Some of the big web companies or software that were affected include Apple, Twitter, Minecraft, Steam, Tesla,
We have heard that some attackers are working to try and exploit local applications or local network systems using various methods such as running JavaScript from a web browser using web sockets when you visit a malicious website (which they may trick you into clicking on via phishing emails, malicious ads, or other tricky methods), which is concerning but is a little less of an immediate threat than the web-accessible services, but is a good reason to update applications quickly as updates become available. Scanning tools to scan servers and workstations to determine if they contain the vulnerable code anywhere on the system have been released and can help determine what software is and is not vulnerable and needs updates.

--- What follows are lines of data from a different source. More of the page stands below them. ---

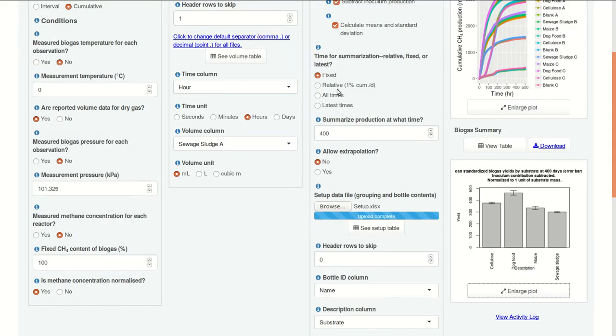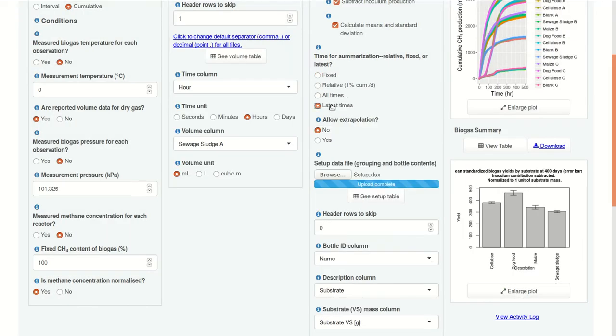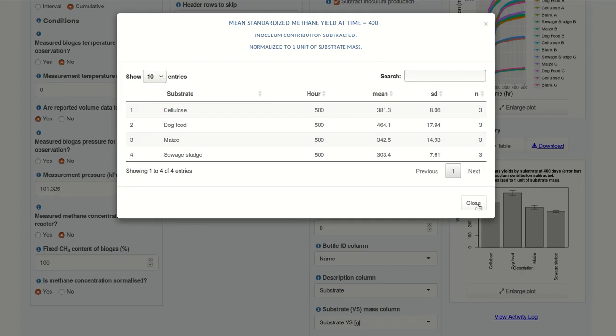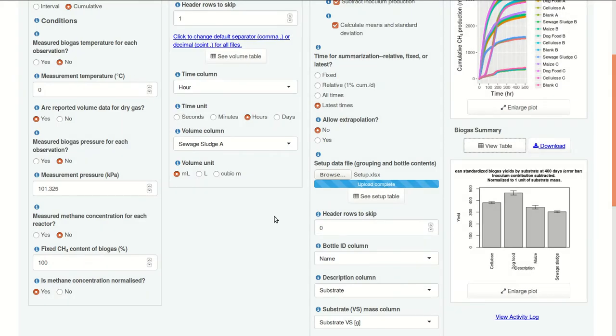We could select a different time, or we could just say, use the latest times. So, this will switch to 500 hours. And we see the BMP values increase, of course, because now there's a bit more biogas produced.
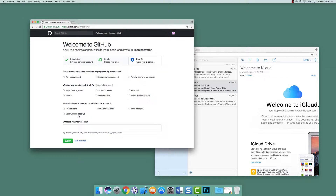Then it asks you to tailor your experience. So let's say we are somewhat experienced. What do we plan to use it for? Let's click everything that applies — project management and development. And let's state what we actually are in our personal life: I'm a professional. And let's click Submit.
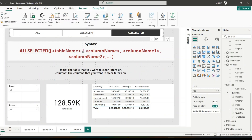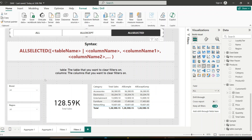Now let us see what the ALLSELECTED function is. This function removes filters from the specified table or column names within the visual, but keeps slicer selections and other external filters. Its syntax is similar to ALL — it takes either a table name or column names. It returns all rows or values that remain after slicer filters are applied, but ignores filters from within the visual such as table rows.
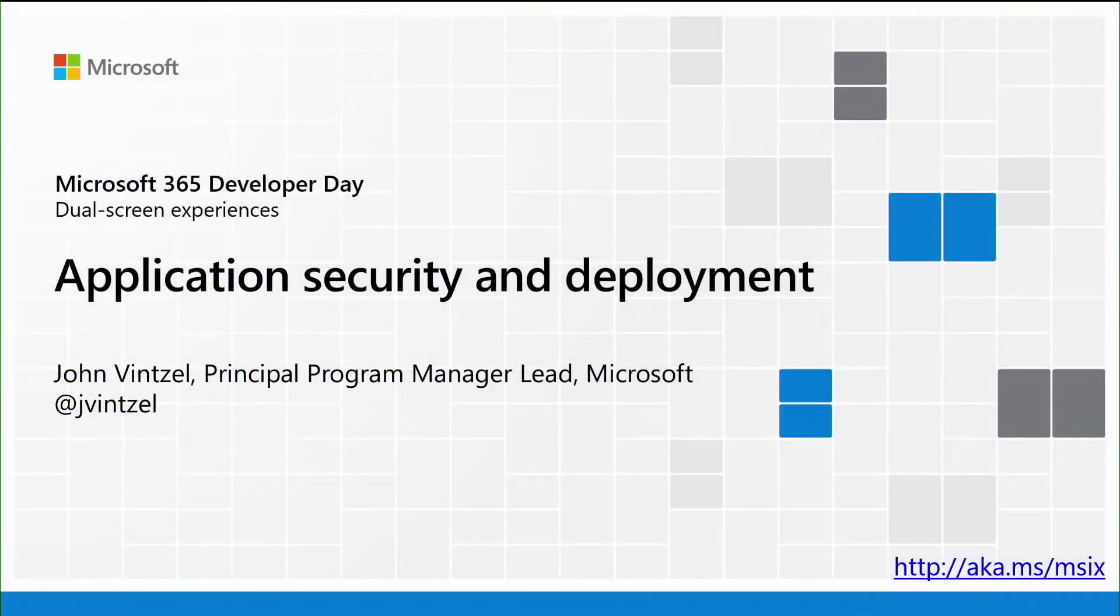Hello everyone. I'm John Vintsel, I'm a Program Manager Lead at Microsoft working on the MSIX team, and today I'm here to talk to you about application security and deployment.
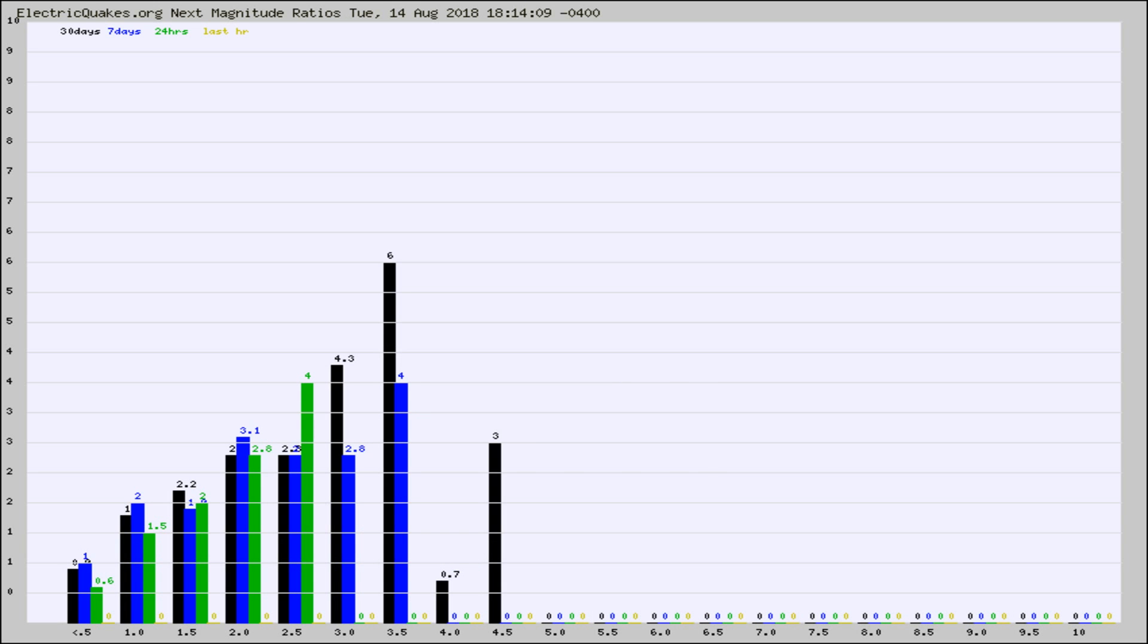And now you're seeing the same thing for just the subset area in California. Again, the black column is 30 days, blue is 7, green is 24 hours, and gold is in the last hour.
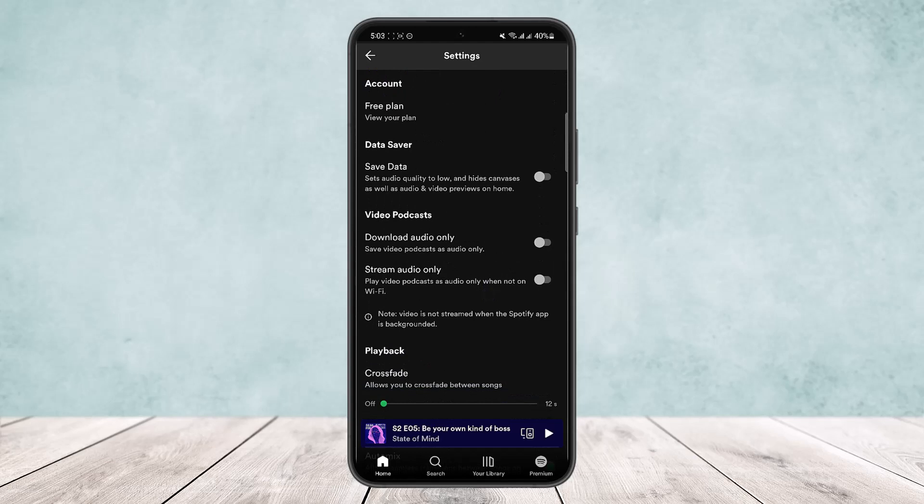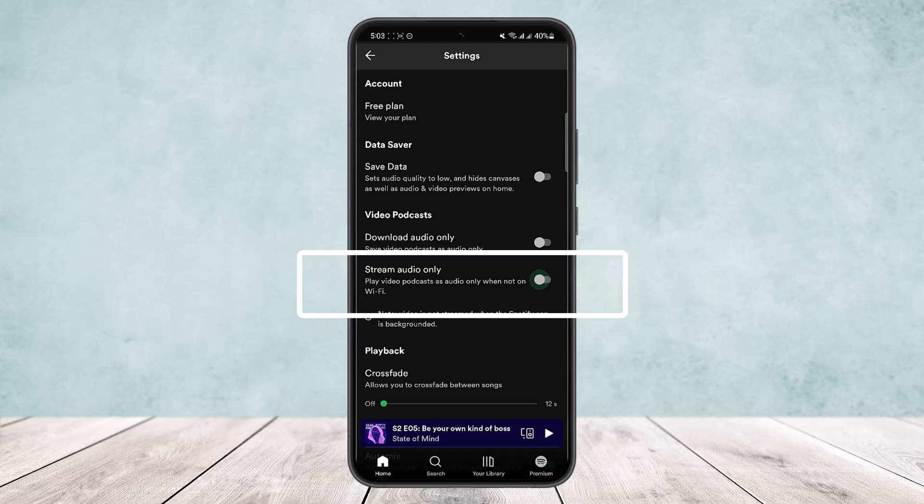Under Video Podcasts, you can see the option 'Stream audio only'—'Play video podcast as audio only when not on Wi-Fi.' Make sure it is disabled. If you enable this, you won't be able to watch the video. So once you disable or turn this off,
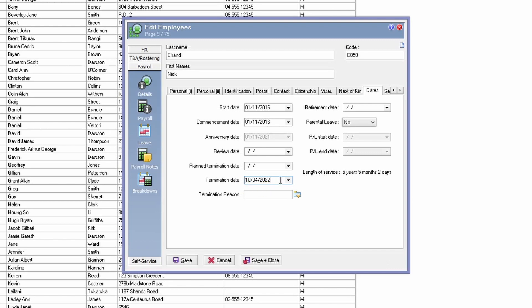For example, if the termination date is on the 10th of April 2022, the employee will no longer be able to log in on that date. If there is a termination date that exists, that indicates the employee has been terminated and therefore they will not be able to log in to the employee self-service portal. The next field to check is the planned termination date — the same principle applies.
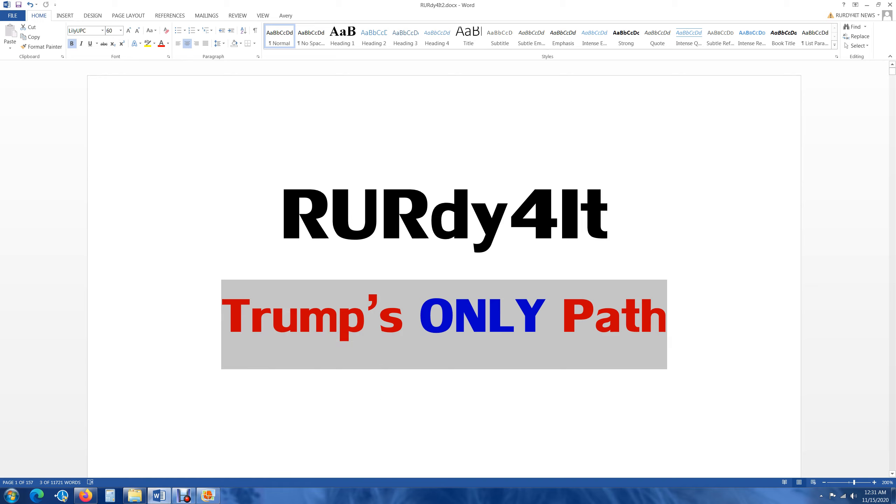Hey guys, this is Are You Ready For It. Today's November 15, 2020, 12:31 AM Central Time. Trump's only path to a second term. I am going to go over it. I have been discussing this with a friend of mine that's in Arizona, who has been out of shape that Arizona went to Biden. And I am too.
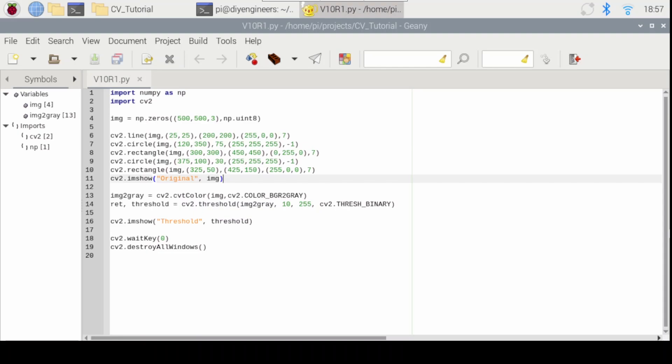Now a contour is a curve joining the continuous points along a boundary of an object or surface that have the same color or intensity. I made a previous video tracking a green ball and as part of the tracking a yellow circle was drawn around the ball. That was a contour.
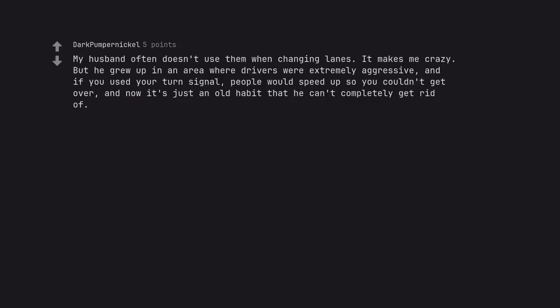My husband often doesn't use them when changing lanes. It makes me crazy. But he grew up in an area where drivers were extremely aggressive, and if you used your turn signal, people would speed up so you couldn't get over, and now it's just an old habit that he can't completely get rid of.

CISA, the Cybersecurity Infrastructure & Security Agency, has released some log4j warnings and guidance, although it’s substantially technical. The news site BleepingCompute released a list of common software and hardware vendors that were affected.
Updates
The other twist is that the first attack was fixed with an updated version of log4j, but since then security issues were found in that first fix, and also in the next fix. Those are not quite as bad, but any systems that were initially updated should be updated again with the very latest fixed version to be the most safe.
Summary
Any given security measure can and will be bypassed, which is why it’s important to have multiple layers of security, from automated scanning and antivirus products to network monitoring and detection systems for local networks and cloud accounts, adding phishing and email impersonation protection, implementing multi-factor authentication (MFA), and should also include training of users on how to be aware of security risks so they don’t fall for scams. Attacks are so prevalent, it’s very likely that all companies will be compromised by an attack at some point that is initially successful. Adding layers of security that help reduce risk that this will happen often, and preparing how to respond to this eventuality, is an important thing to plan for in companies of all sizes! There is no such thing as perfect security (in a complex system that’s actually useful), but there are pragmatic ways to reduce your amount of risk without breaking the bank.